Motivation
The rapid adoption of language models (LMs) in various applications has highlighted the critical need for maintaining factual accuracy across a wide range of topics. As these models become increasingly integrated into our daily lives, the challenge of ensuring their reliability and truthfulness grows more pressing. This motivated the development of FACTBENCH, a dynamic benchmark designed to evaluate the factuality of LMs in real-world scenarios, addressing the limitations of existing static and narrow-scope evaluation methods.
Task
Our task was to create a comprehensive and updatable benchmark for assessing the factual accuracy of language models in diverse, real-world contexts. This involved developing a pipeline to identify "hallucination prompts" - queries that tend to elicit incorrect or inconclusive responses from LMs. We needed to design an effective method for evaluating the factuality of LM-generated content, considering the verifiability of statements and the nuances of different content types.
Action
We developed VERIFY, a Verification and Evidence RetrIeval for FactualitY evaluation pipeline, to systematically assess LM responses. This involved extracting content units from model outputs, classifying them by type, and evaluating verifiable units against web-based evidence. We implemented an interactive query generation and evidence retrieval technique to enhance the quality of fact-checking.

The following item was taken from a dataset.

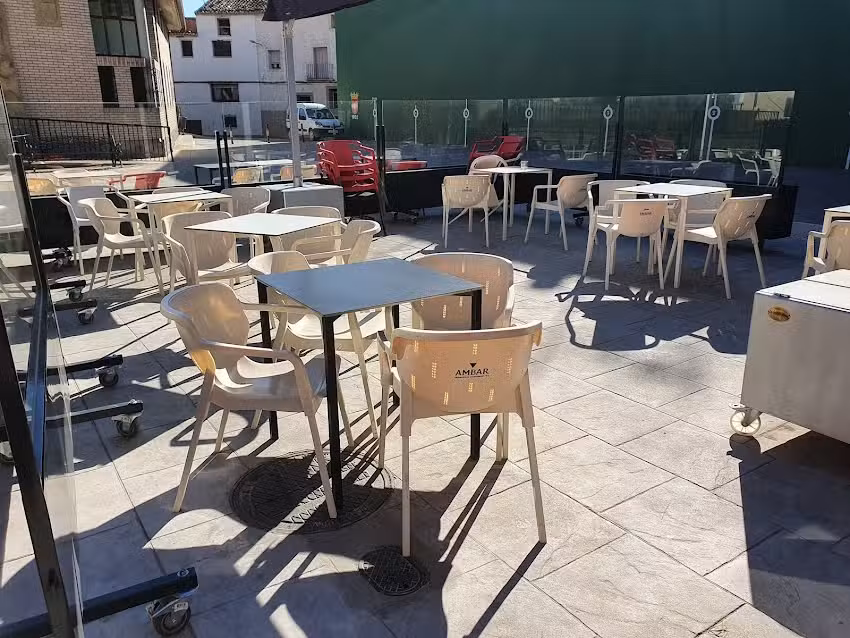 Asociacion Milexia Bar publico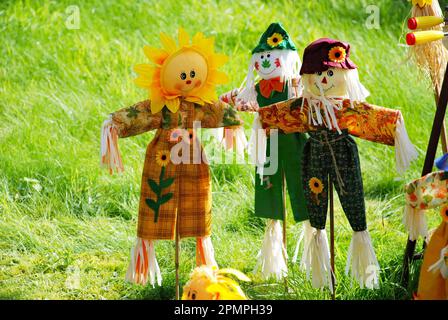 Festival dello Scarecrow a Kettlewell nel Parco Nazionale Yorkshire Dales (2010) Foto Stock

Using this pipeline, we curated FACTBENCH, a dataset of 1,000 prompts across 150 fine-grained topics, categorized into different difficulty tiers based on LM performance.
Results
Our work resulted in the creation of FACTBENCH, the first dynamic and in-the-wild factuality evaluation benchmark for language models. This benchmark not only captures emerging factuality challenges in real-world LM interactions but is also regularly updated with new prompts. Through extensive evaluation of widely-used LMs, including GPT, Gemini, and Llama3.1 family models, we uncovered key insights into their factual accuracy across different difficulty levels. Notably, VERIFY achieved the highest correlation with human judgments compared to existing factuality evaluation methods, underscoring its effectiveness in assessing LM factuality.